Action item: In the copy, keep every record exact and leave out all images.
-- Opening Marker --
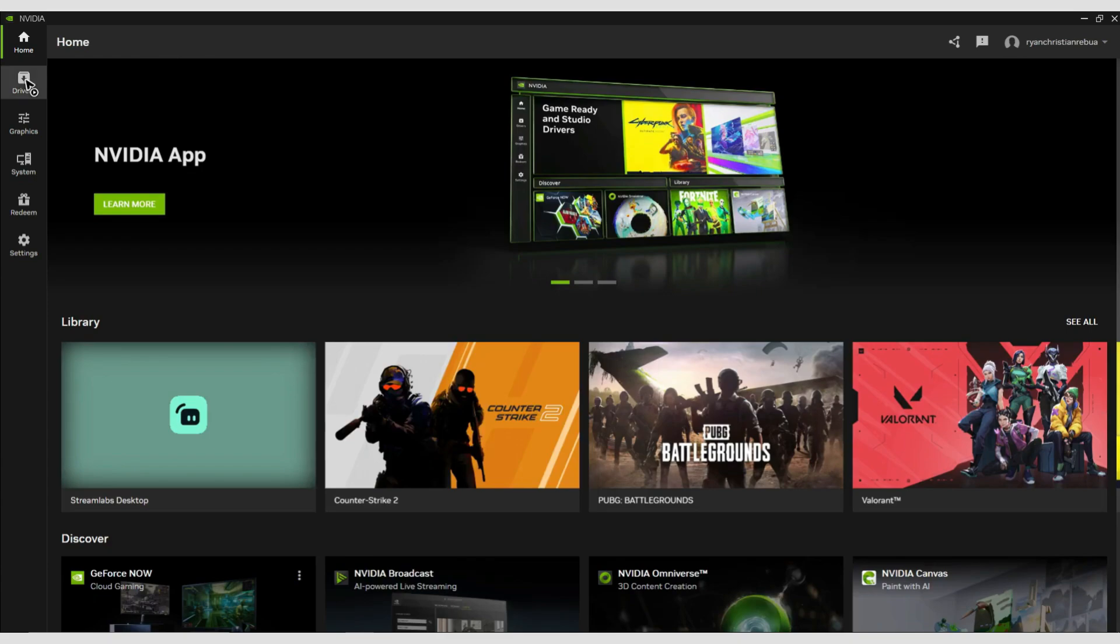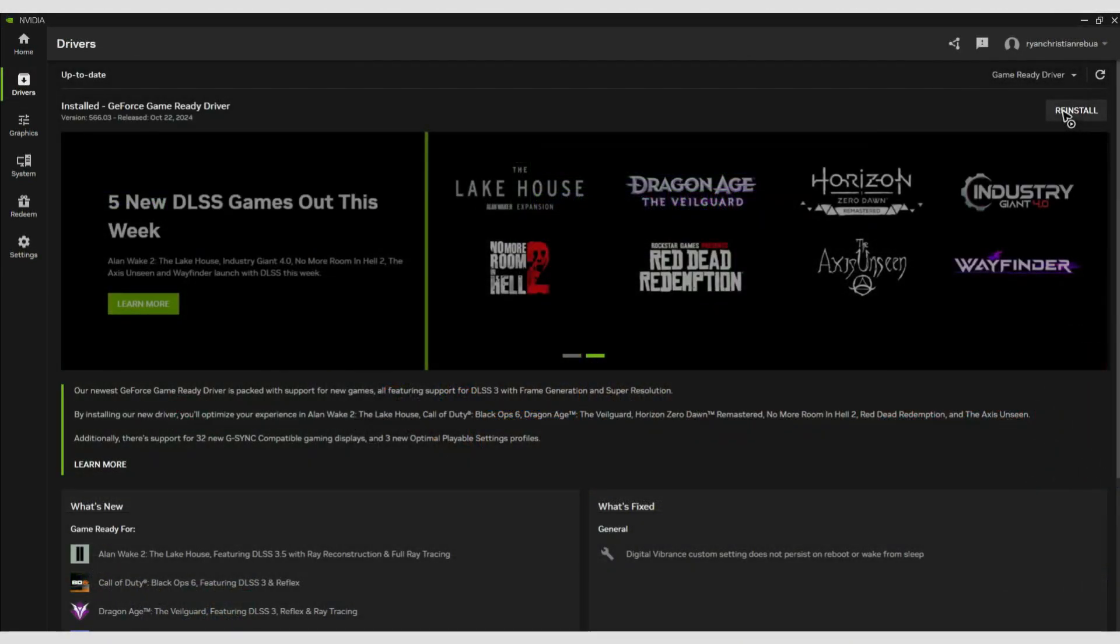Going back to NVIDIA app, wait for the UI to load. Once it loads, go to the Drivers tab and make sure you have installed the latest drivers. If you've installed the latest drivers and you're still facing the same issue, try to reinstall the graphics drivers.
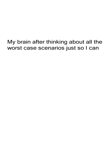My brain after thinking about all the worst case scenarios. Just so I can be mentally prepared if it happens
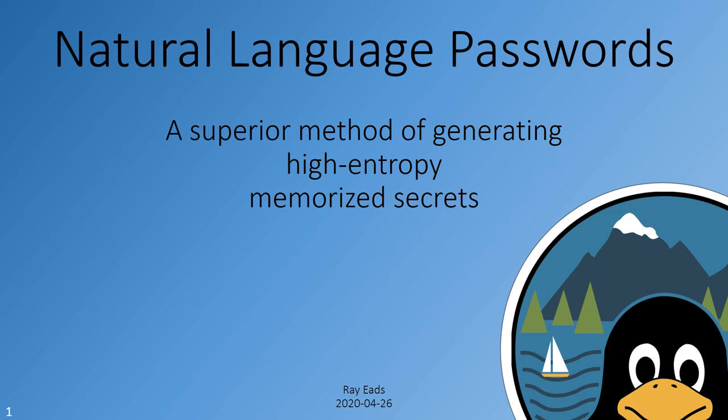Hi, everyone. This is Natural Language Passwords, recorded for LinuxFest Northwest 2020. This presentation is for those who are interested in an innovative approach to generating memorable passwords.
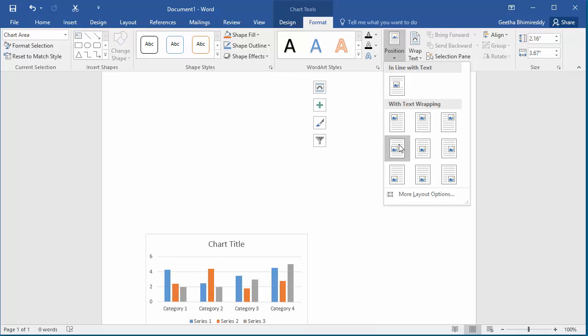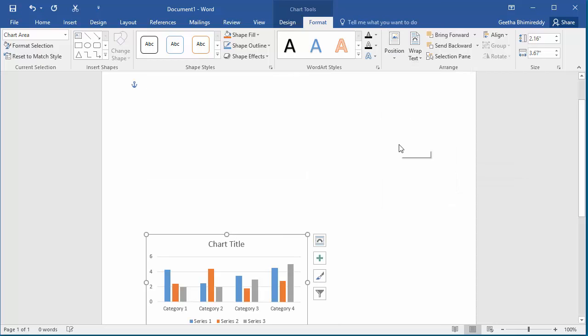Click on the position you like and Word moves the chart to that position in the document. You can see the chart is moved to the position you selected.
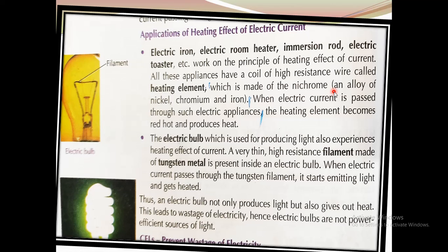Nichrome is an alloy of nickel, chromium, and iron. An alloy is a mixture of two or more metals. Nichrome is a high resistance wire used as a heating element in every electronic item. When electric current is passed through such appliances, the heating element becomes red hot and produces heat. The electrical energy gets converted into heat energy, which makes the electric iron, room heater, immersion rod, or electric toaster work.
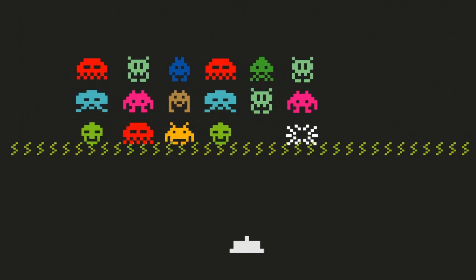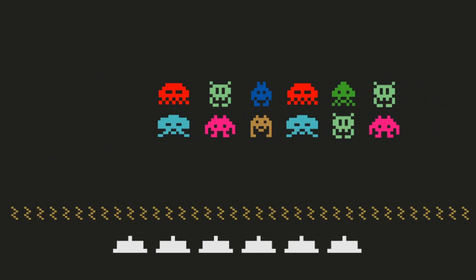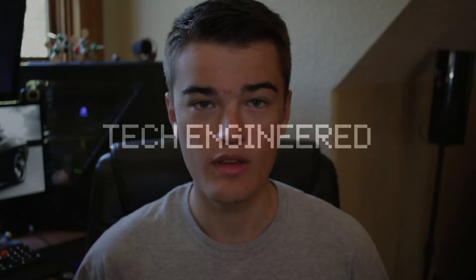Hey there guys, welcome to Tech Engineered. Today we're going to be doing another 5 Things to Consider video, and we're going to be talking about computer cases. If you haven't watched any of the other videos in this series, 5 Things to Consider is basically a series where I tell you 5 topics to think about whenever you're going to buy a certain computer component. Today we're talking about computer cases, so let's go ahead and get started with our first point.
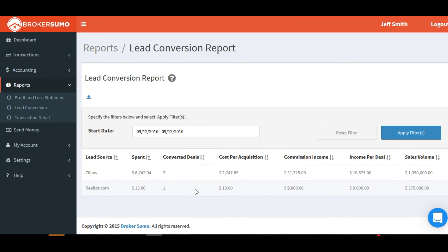On the report, you can filter by date range if you want to look over a certain period of time, and you can also export the report.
-- Closing Marker --
Worked solution:
Going back to NVIDIA app, wait for the UI to load. Once it loads, go to the Drivers tab and make sure you have installed the latest drivers. If you've installed the latest drivers and you're still facing the same issue, try to reinstall the graphics drivers.
My brain after thinking about all the worst case scenarios. Just so I can be mentally prepared if it happens
Hi, everyone. This is Natural Language Passwords, recorded for LinuxFest Northwest 2020. This presentation is for those who are interested in an innovative approach to generating memorable passwords.
Click on the position you like and Word moves the chart to that position in the document. You can see the chart is moved to the position you selected.
Nichrome is an alloy of nickel, chromium, and iron. An alloy is a mixture of two or more metals. Nichrome is a high resistance wire used as a heating element in every electronic item. When electric current is passed through such appliances, the heating element becomes red hot and produces heat. The electrical energy gets converted into heat energy, which makes the electric iron, room heater, immersion rod, or electric toaster work.
Hey there guys, welcome to Tech Engineered. Today we're going to be doing another 5 Things to Consider video, and we're going to be talking about computer cases. If you haven't watched any of the other videos in this series, 5 Things to Consider is basically a series where I tell you 5 topics to think about whenever you're going to buy a certain computer component. Today we're talking about computer cases, so let's go ahead and get started with our first point.
On the report, you can filter by date range if you want to look over a certain period of time, and you can also export the report.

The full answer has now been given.